** Raw data follows **

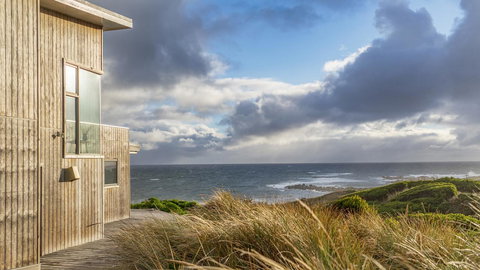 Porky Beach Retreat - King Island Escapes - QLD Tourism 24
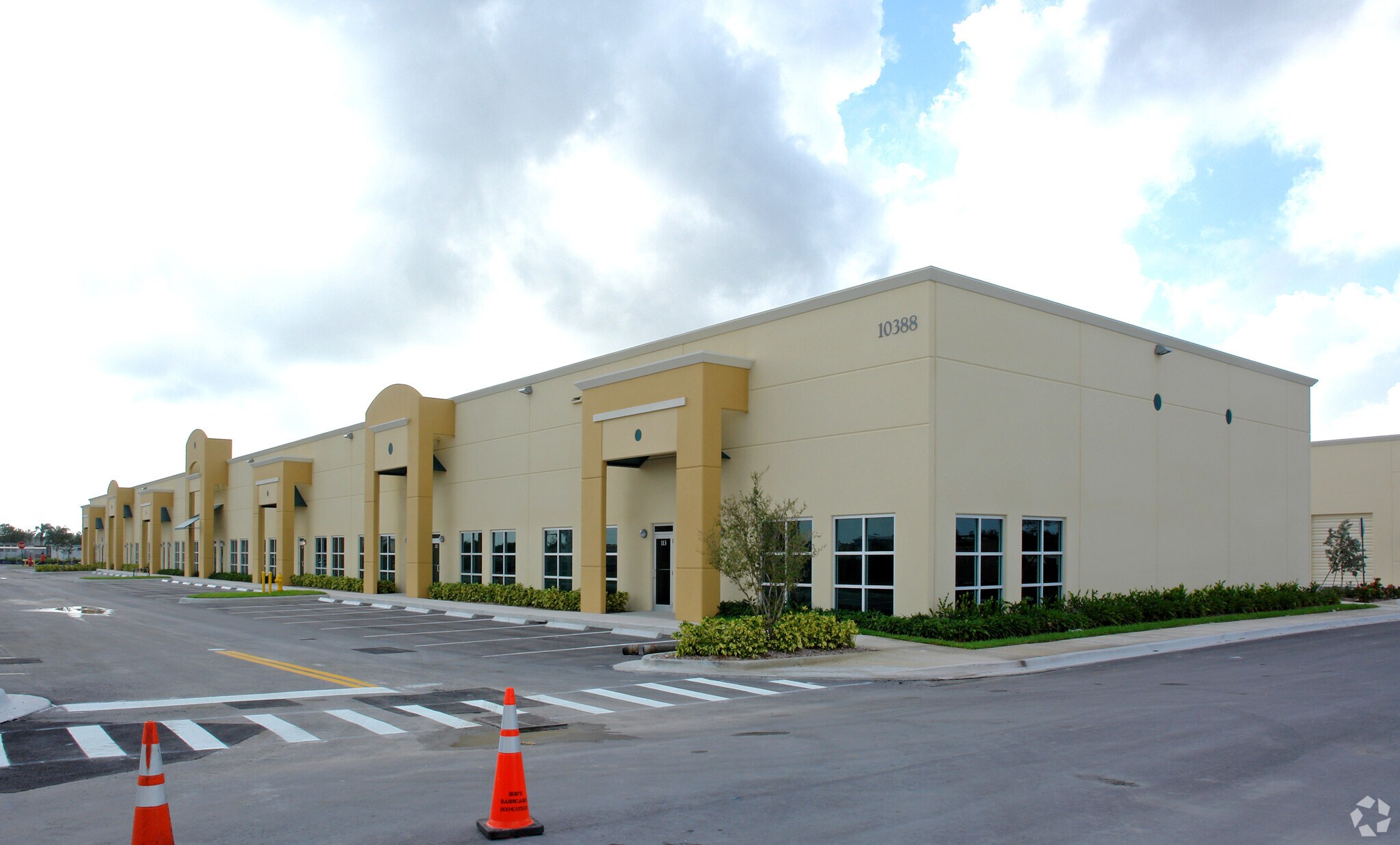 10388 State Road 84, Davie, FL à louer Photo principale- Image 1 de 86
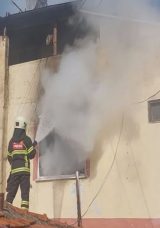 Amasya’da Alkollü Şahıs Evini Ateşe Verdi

** End of Raw data **

Task description:
All of the lines above should be retyped precisely, apart from the pictures.

Task response:
 Porky Beach Retreat - King Island Escapes - QLD Tourism 24
 10388 State Road 84, Davie, FL à louer Photo principale- Image 1 de 86
 Amasya’da Alkollü Şahıs Evini Ateşe Verdi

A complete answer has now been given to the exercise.